▶ **Exercise**:
Each line below that carries the string "bracelet" must appear in the answer.
╔══
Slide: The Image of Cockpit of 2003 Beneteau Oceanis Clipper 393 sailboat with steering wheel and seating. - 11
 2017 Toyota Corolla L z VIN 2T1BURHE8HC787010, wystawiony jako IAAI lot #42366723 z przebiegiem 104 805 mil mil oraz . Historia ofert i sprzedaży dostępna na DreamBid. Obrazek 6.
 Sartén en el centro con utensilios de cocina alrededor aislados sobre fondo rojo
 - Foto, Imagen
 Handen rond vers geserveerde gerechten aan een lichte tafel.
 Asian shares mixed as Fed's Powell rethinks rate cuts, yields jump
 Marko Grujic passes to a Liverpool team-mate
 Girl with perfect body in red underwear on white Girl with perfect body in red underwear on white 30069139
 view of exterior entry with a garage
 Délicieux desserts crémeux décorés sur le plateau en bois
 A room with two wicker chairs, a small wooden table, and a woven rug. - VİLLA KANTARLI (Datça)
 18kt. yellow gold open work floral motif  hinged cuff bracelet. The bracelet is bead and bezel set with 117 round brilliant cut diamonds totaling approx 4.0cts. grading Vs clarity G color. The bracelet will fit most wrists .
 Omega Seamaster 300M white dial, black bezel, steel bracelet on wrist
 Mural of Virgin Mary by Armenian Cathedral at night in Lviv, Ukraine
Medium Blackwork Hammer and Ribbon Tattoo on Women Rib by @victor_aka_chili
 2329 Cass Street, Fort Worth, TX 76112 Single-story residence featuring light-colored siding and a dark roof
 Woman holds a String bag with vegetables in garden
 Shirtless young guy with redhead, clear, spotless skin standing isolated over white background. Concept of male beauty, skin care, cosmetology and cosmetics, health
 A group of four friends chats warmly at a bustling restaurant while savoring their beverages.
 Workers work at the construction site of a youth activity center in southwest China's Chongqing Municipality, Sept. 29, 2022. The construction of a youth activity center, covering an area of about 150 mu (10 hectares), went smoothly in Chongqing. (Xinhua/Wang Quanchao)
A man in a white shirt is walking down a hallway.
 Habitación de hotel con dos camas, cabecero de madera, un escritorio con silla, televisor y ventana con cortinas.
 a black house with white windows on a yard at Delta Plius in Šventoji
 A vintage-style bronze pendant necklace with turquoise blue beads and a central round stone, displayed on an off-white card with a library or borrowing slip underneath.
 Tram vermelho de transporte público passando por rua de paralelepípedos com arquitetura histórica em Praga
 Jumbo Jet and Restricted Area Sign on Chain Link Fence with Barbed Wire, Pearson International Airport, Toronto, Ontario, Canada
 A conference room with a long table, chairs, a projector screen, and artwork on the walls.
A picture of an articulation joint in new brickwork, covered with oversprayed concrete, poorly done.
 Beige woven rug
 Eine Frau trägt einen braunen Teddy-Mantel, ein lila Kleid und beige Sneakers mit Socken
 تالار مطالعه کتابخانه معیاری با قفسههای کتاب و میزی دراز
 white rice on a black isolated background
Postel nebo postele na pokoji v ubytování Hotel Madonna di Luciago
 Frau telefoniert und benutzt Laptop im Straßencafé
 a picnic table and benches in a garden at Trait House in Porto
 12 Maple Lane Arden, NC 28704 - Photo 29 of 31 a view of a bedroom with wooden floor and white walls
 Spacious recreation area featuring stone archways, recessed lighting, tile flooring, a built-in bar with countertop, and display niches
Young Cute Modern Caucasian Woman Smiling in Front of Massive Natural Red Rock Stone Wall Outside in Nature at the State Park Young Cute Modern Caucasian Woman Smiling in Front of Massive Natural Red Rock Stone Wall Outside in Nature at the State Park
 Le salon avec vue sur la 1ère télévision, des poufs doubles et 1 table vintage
╚══
▶ **Answer space**:
 18kt. yellow gold open work floral motif  hinged cuff bracelet. The bracelet is bead and bezel set with 117 round brilliant cut diamonds totaling approx 4.0cts. grading Vs clarity G color. The bracelet will fit most wrists .
 Omega Seamaster 300M white dial, black bezel, steel bracelet on wrist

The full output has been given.